Personagem central deste romance e nomeado governador de Angola mais do que uma vez está o governador Manuel Cerveira Pereira. Com uma ambição desmedida e não olhando a meios para atingir os seus objetivos, o governador estará ligado à gênese do desenvolvimento de Angola. Através de uma política de alianças com as mais importantes tribos guerreiras por um lado, e com a ordem dos jesuítas, por outro, o governador procura consolidar o seu poder. Apesar de todos os seus defeitos não deixamos de ficar na dúvida se outro tipo de pessoa, naquela época, naquelas condições, teria feito mais e melhor. Muitos dos que lá chegavam morriam pouco tempo depois com as febres e outras doenças cuja cura era desconhecida. O clima, totalmente diferente, era outro fator desencorajante para quem queria vencer em Angola.
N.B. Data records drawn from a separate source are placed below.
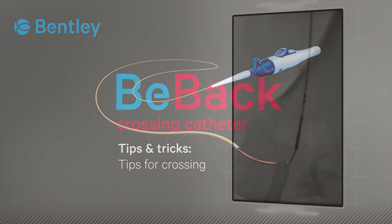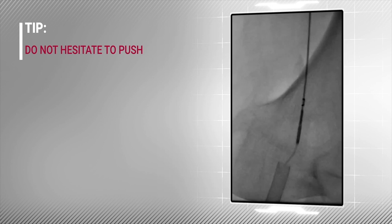The BBAC is ideal for crossing CTOs. Here are some key tips. If significant resistance is felt when trying to cross a calcified lesion, push the catheter forward with the needle protruded and straight.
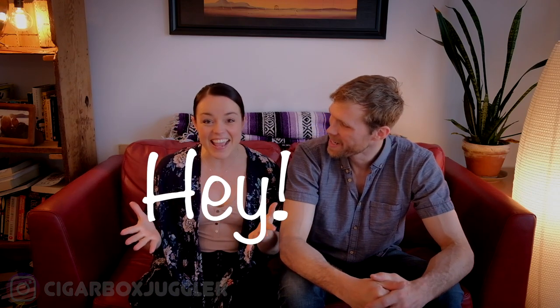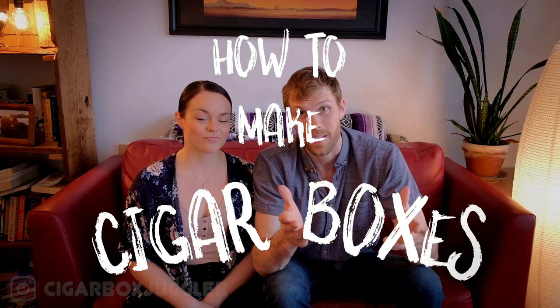Hey, welcome back to the channel. My name is Eric Bates, I'm a professional cigar box juggler. Today I'm joined by my girlfriend Stephanie Fournier, who is also a circus artist and dancer. You can check her out on her Instagram.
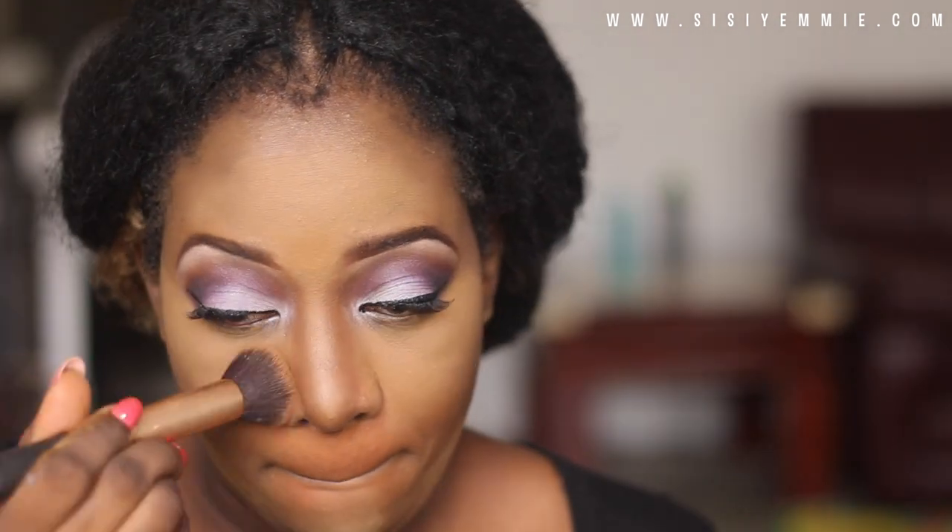Now that the makeup has finished baking, I use the Black Opal cake and a blush brush to blend out the excess powder, and I just keep blending until everything starts making sense.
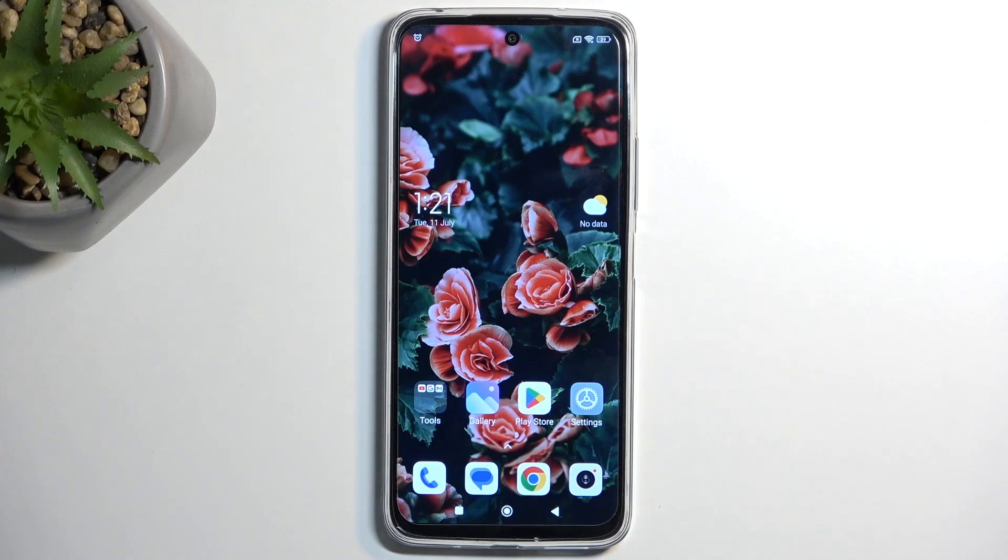Welcome. In front of me is a Redmi 12R and today I will show you how to hard reset this phone through settings.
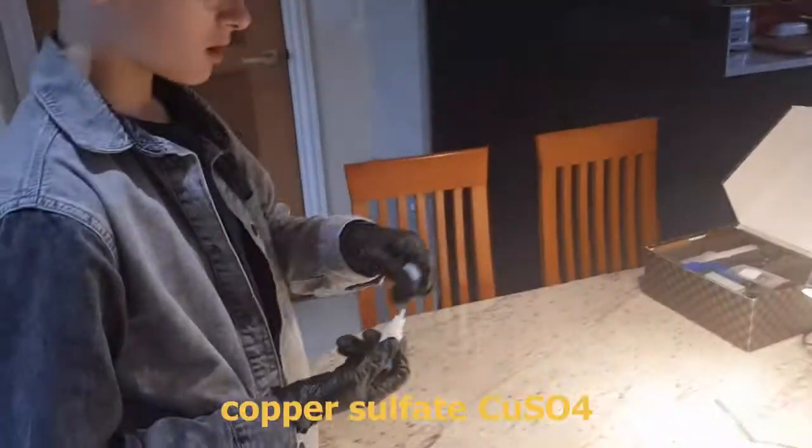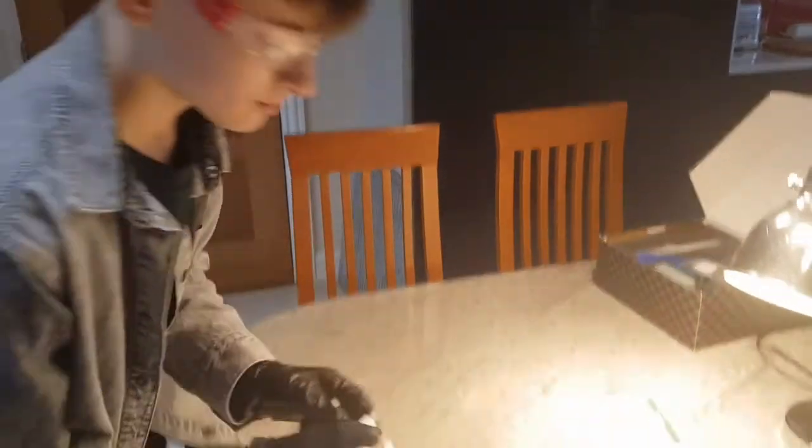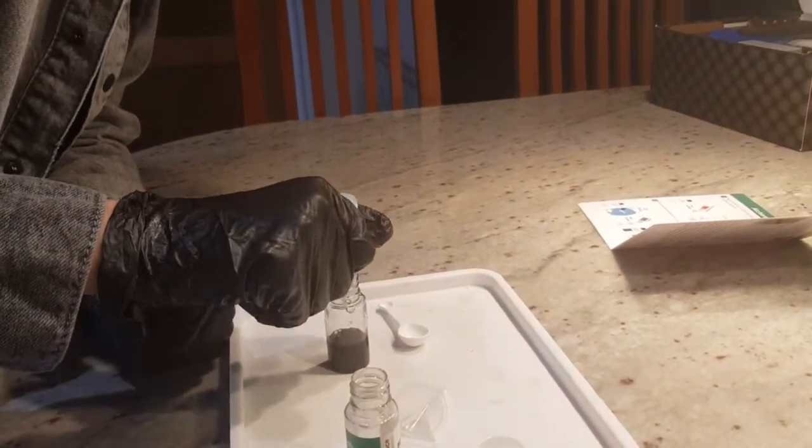Now I need to put in one home to a bottle of copper sulfate. As you can see, it's turned a dark colour.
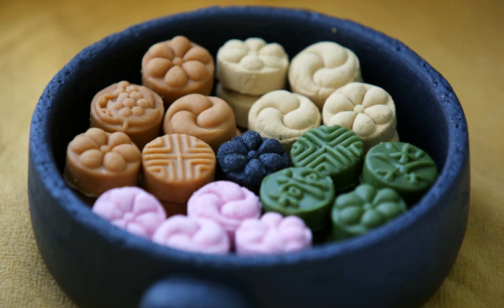Bam dasik is made of steamed and mashed chestnut, or chestnut powder from finely sliced and sun-dried chestnuts. Geomenkae dasik is made of toasted black sesame seed powder. Kkae dasik is made of toasted sesame seed powder. Kong dasik is made of steamed and pounded yellow soybean. Purungkong dasik is made of steamed and pounded green soybean. Sangwa dasik is made of pine pollen.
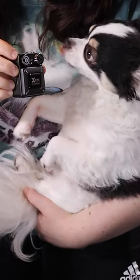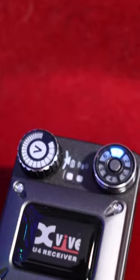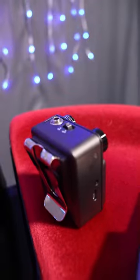Hey, what's up guys? Today I'm going to show you how I use the X5U4 wireless in-ear monitor system. This is a high-quality, ultra-compact wireless system for in-ear monitors. It's comprised of a transmitter unit and a belt pack receiver where you connect your headphones.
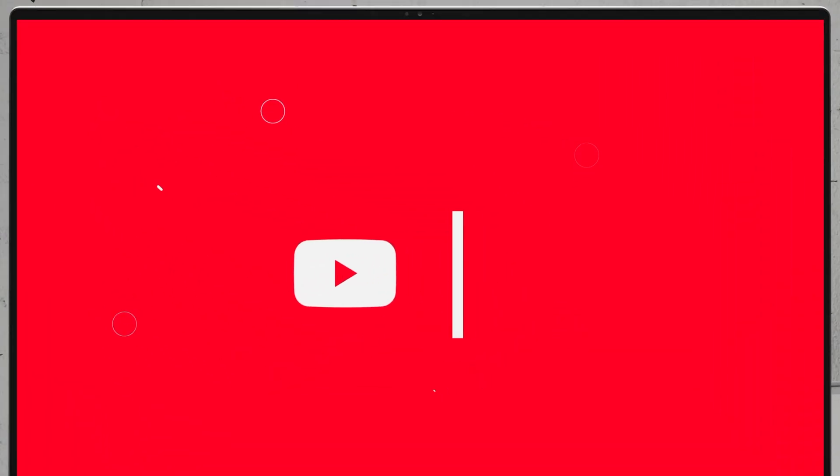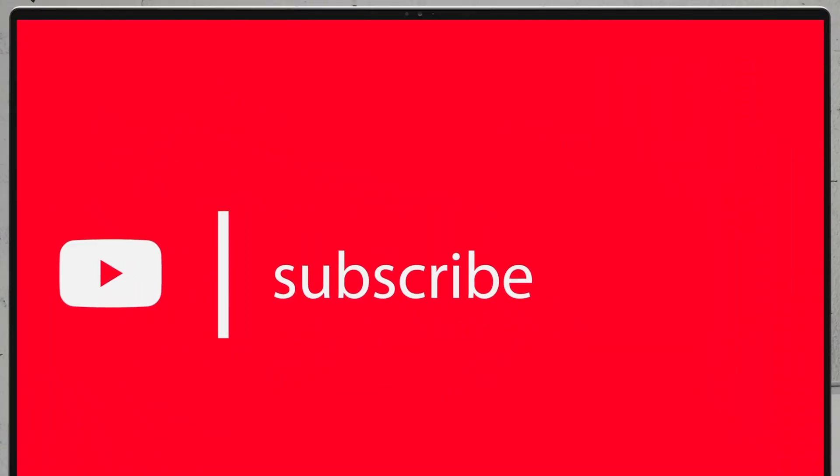If you'd like to see more disassembly videos of the latest notebooks, we would highly appreciate if you hit the like button and subscribe to the channel. Thank you.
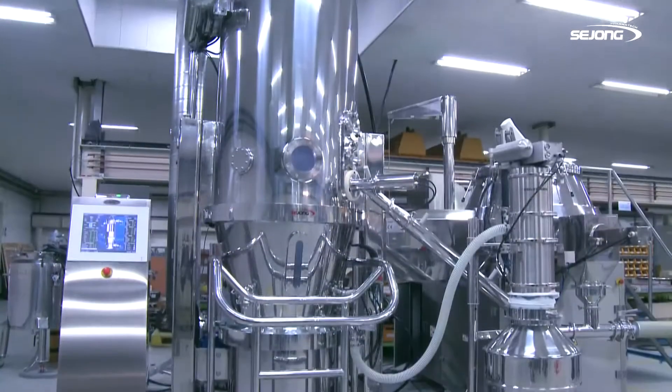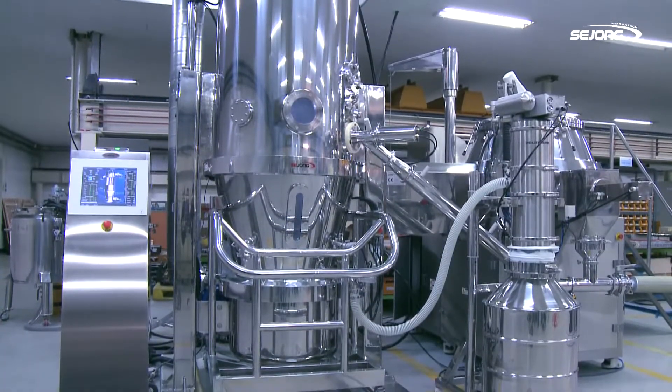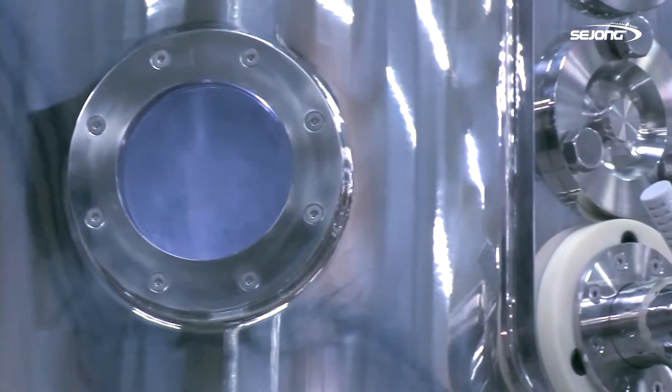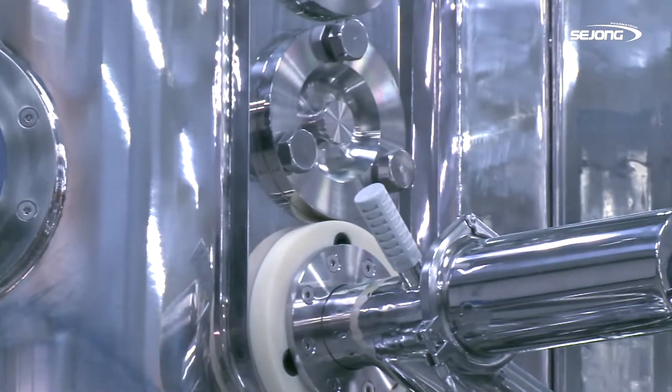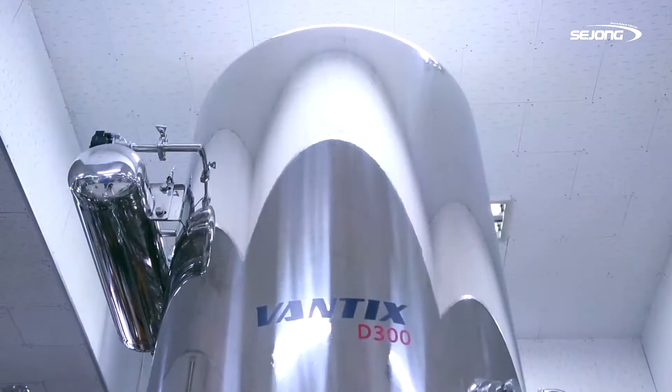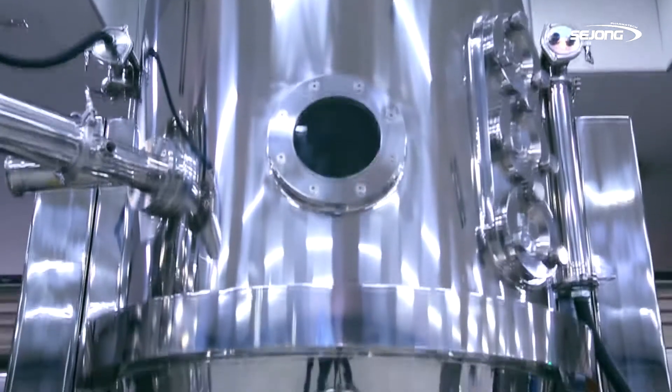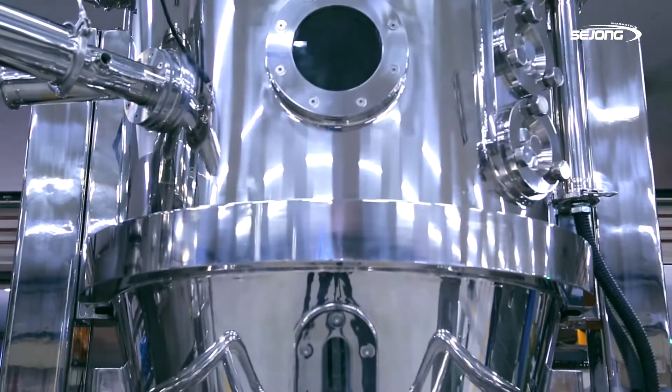D-Series has been designed on the basis of the concept of solid and smart. D-Series considers safety and convenience for the operator as the most important thing. It is based on a European type of pressure-resistant design, and that makes this system more stylish and solid.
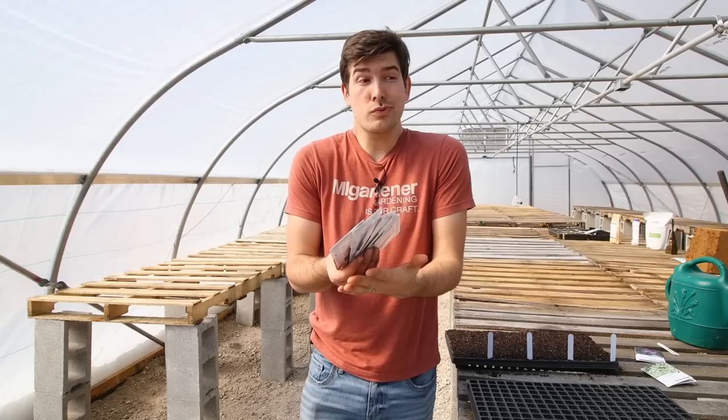What is going on everyone? Welcome to another very exciting episode right here on the MI Gardener channel. In today's episode we're going to discuss what would you do with a drunken sailor — and by drunken sailor I mean, what do you do when your seeds don't germinate?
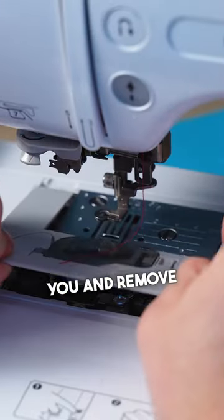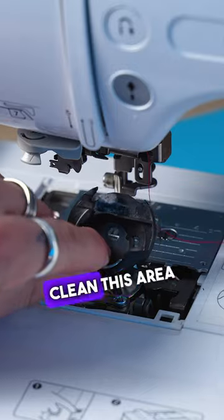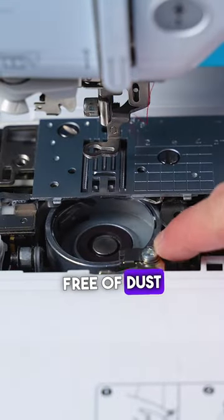Slide the needle plate towards you and remove it. Then lift the bobbin case to expose the race. Clean this area with a brush or a vacuum and ensure it's free of dust and threads.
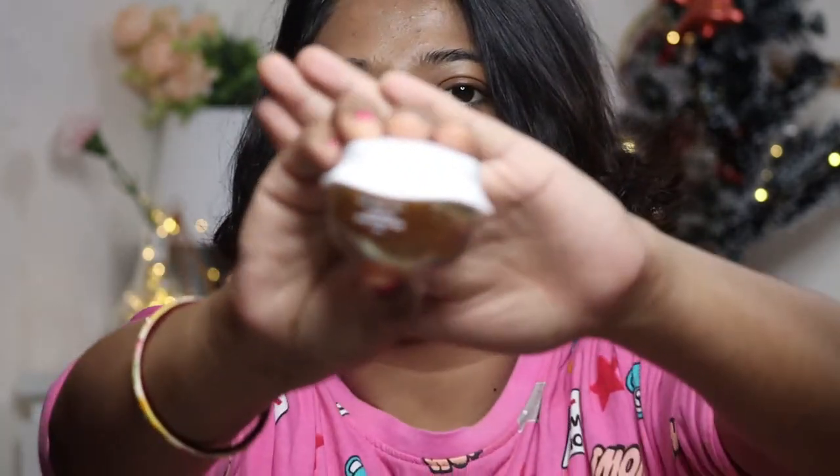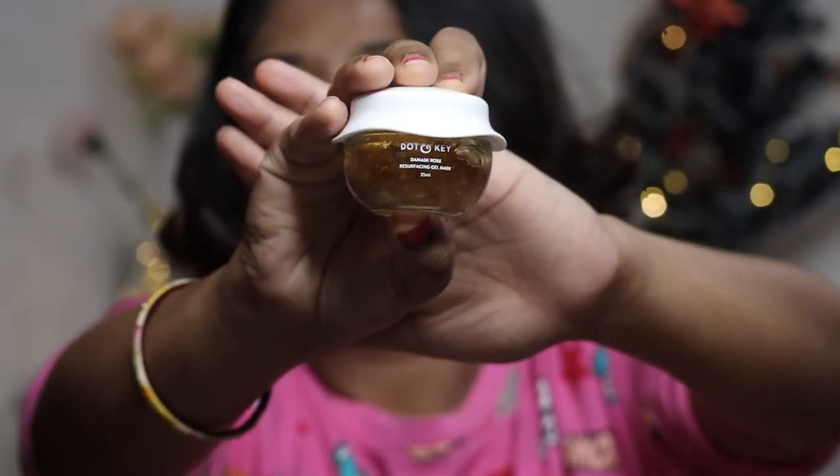Let's talk about this face mask's packaging and its price. The price is $5.95, and for that you get 25 ml. According to the price, the quantity is not that great. It comes in a glass jar and the packaging is very cute — it's pink and yellow.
Não deixa de ser interessante acompanharmos paralelamente, ao longo dos capítulos, a senda do governador à procura de mais riquezas e a emancipação de Carlos Rocha, um negro livre que tinha um escravo e que procura somente ser feliz, constituir uma família e viver naquela terra ainda selvagem e por explorar, num cantinho só seu, longe daquelas guerras egoístas. Carlos Rocha foge das tribos guerreiras, por um lado, e dos brancos que podem torna-lo escravo novamente, por outro. A sua astúcia e presença de espírito irão ser-lhe fundamentais para que ele se consiga mover entre estas duas ameaças.
É uma escrita mordaz onde não falta a ironia e o autor não deixa dar umas “bicadas” a certas instituições como por exemplo a Igreja representada pelos jesuítas que, não deixando de ter um papel importante no desenvolvimento e crescimento de Angola, não pode deixar de ser olhada de lado pela acumulação progressiva de património. Não podemos também ficar indiferentes ao chamado tráfico de peças (escravos) e a todo o sofrimento que causou. As famílias eram destruídas, as mães separadas dos filhos, as condições em que eram transportados eram deploráveis e Portugal lucrou imenso com este comércio triangular. Ainda hoje me custa ouvir certas pessoas dizerem “quando Angola era nossa”, como se quando nós lá chegamos não existissem já lá pessoas que, embora com costumes diferentes dos nossos, não deixavam de ser seres humanos.
 
A procura de um refúgio e de um futuro por parte de Carlos Rocha para si e para a sua família, dentro da sua própria terra, personifica, para mim, o início da procura pela liberdade das gentes de Angola que, pese embora numa fase embrionária, quererão saír debaixo do jugo da exploração.
 
P.S.: Obrigado ao Manuel pela sugestão.



  



1 comentários:

Unknown disse...

ainda bem que gostaste :)
Eu gosto cada vez mais da literatura africana :)
É uma escrita com perfume.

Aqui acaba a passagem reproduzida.